QUESTION 1 — Worth pursuing?
assessment:    yes | no | uncertain
reasoning:     [2–4 sentences]

QUESTION 2 — Ask the user?
trigger:       none | stuck | diverging_tracks | pace_risk | constraint_conflict
message:       [specific, actionable question if triggered — not "we're stuck"]

QUESTION 3 — Pivot?
decision:      none | minor | major | abandon
reasoning:     [required even if none]
next_round_strategy: [what changes, if anything]

budget_remaining:   %
pace_projection:    expected score at budget exhaustion

Ask-user triggers (automatic):

Score has not improved across two consecutive rounds
Two or more tracks are diverging (improving one reliably hurts another)
Budget is 50% consumed with < 30% of target score achieved
All laps in round returned
```
exhausted
```
A required track is consistently failing with no clear fix

When asking the user, be specific. Not "we're stuck" but:

"Improving documentation quality (track score: 0.74) consistently reduces type correctness (track score drops from 1.0 to 0.91) because the added comments confuse pyright's inference. Should I relax the type correctness threshold, or is that a hard requirement?"

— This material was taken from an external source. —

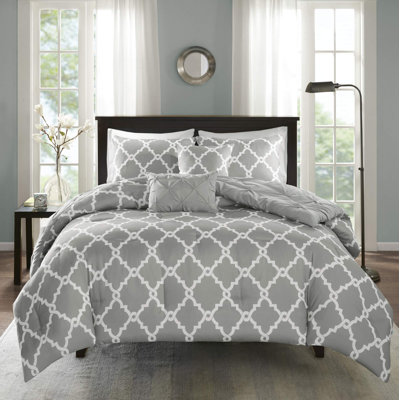 Damask Comforter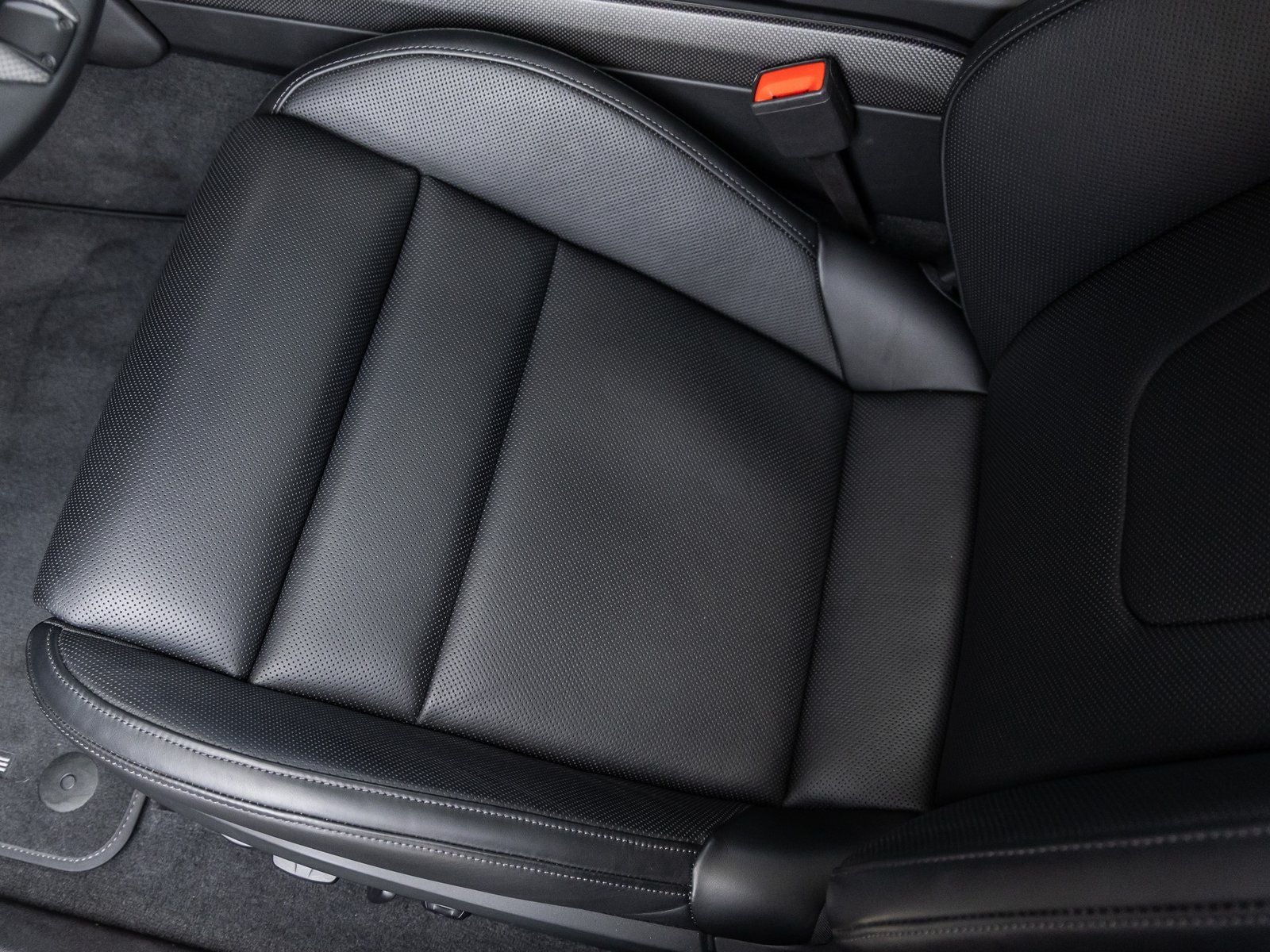 2025 Porsche Taycan Taycan GTS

Phase 4: Memory and learning

Read

references/memory.md

for the full memory architecture.

Short-term memory (within run)

Full step log (maintained in conversation state)
Hypothesis stack with provenance
Track trajectories
Score momentum signal
Failed hypotheses with failure modes (not just "failed" — why)

Long-term memory (disposition library)

Available only when a connector or project pack is present.

Keyed on

(problem_class, action_intent)

. Each entry is a natural-language conditioned prior on how to approach this class of action on this class of problem.

The memory agent runs a consolidation pass at the end of each round:

Does any disposition need updating based on this round's evidence?
Did a disposition prove wrong? Flag it with a negative exemplar.
Should a problem class be forked? (Two sub-classes behaving differently)

If running in

project_pack

mode, emit updated pack files and instruct the user to sync them back into project knowledge manually.